Nova Zelândia Feminina x África do Sul Feminina: após os T20s, ODI prometem fortes emoções
Que espetáculo, pessoal! Se os três T20s disputados nos últimos dias nos proporcionaram emoções e reviravoltas, então vamos nos preparar para algo épico. As WHITE FERNS de Sophie Devine e as Proteas de Laura Wolvaardt estão escrevendo um capítulo do críquete feminino que dificilmente esqueceremos. E agora que a poeira dos T20s baixou, os olhares já estão voltados para os duelos de 50 overs: estamos falando, claro, da série ODI, com os holofotes nas datas de 1º de abril e 4 de abril de 2026.
Aquele gostinho de quero mais dos T20s
Vamos voltar a fita por um instante. O 2º T20I entre Nova Zelândia Feminina e África do Sul foi um thriller que deixou todo mundo sem fôlego até o último lance. As meninas verde-ouro mostraram sua força, mas as neozelandesas, jogando em casa, não cederam um centímetro sequer. E o que dizer do 3º T20I entre Nova Zelândia Feminina e África do Sul? Uma partida com gostinho de vingança, disputada em um ritmo alucinante, com jogadas antológicas e uma tensão que dava para cortar com uma faca. Nas arquibancadas, dava para sentir o coração batendo forte: isso é o críquete que a gente ama.

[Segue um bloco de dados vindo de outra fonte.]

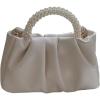 imageVerdusa Womens Evening Purses Pearl Clutch Handbags Leather Ruched Crossbody BagBeige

O embalo, porém, é uma coisa engraçada. Em certos momentos, parecia que as Proteas levariam a série; em outros, as White Ferns mostraram por que jogar em casa é uma vantagem e tanto. Mas agora, senhoras e senhores, o jogo muda. A partir de agora, é estratégia mais pensada, ritmo mais cadenciado, 50 overs. E aí, pode ter certeza, é que se separam as campeãs das grandes jogadoras.
Um duelo duplo nos ODIs nos espera
O calendário nos presenteia com duas joias: o primeiro ato será WHITE FERNS x África do Sul | ODI 1º ABR 2026. Um compromisso que, por si só, já vale o preço do ingresso (ou da assinatura do streaming). Depois, após um par de dias de trégua e das inevitáveis análises táticas, a réplica acontece em WHITE FERNS x África do Sul | ODI 4 ABR 2026. Dois jogos que podem redesenhar o equilíbrio de forças nesta reta final de temporada.
O que espero? Não vou rodeios: a batalha será decidida principalmente nestes setores:
- O duelo das capitãs: Sophie Devine é uma líder nata, capaz de carregar o time com seu exemplo. Do outro lado, Laura Wolvaardt é uma das maiores estrelas do críquete mundial, elegante e letal. Quem vencerá a guerra psicológica?
- Os ataques de bowling: As neozelandesas contam com um ataque caseiro que conhece cada irregularidade do pitch. As sul-africanas, por sua vez, trazem frescor atlético e muita vontade de complicar a vida das adversárias. Fiquem de olho nas boleiras que podem mudar o jogo.
- A pressão do momento: Depois dos T20s, ambas as equipes sabem que uma vitória nos ODIs daria um peso enorme para a turnê. Não vai ter moleza, pode acreditar.
Não sei vocês, mas eu já marquei em vermelho no calendário. Essas partidas têm cheiro de lenda. Preparem a pipoca, porque em poucos dias a bola vai rolar de novo. E vai ser ainda mais grandioso.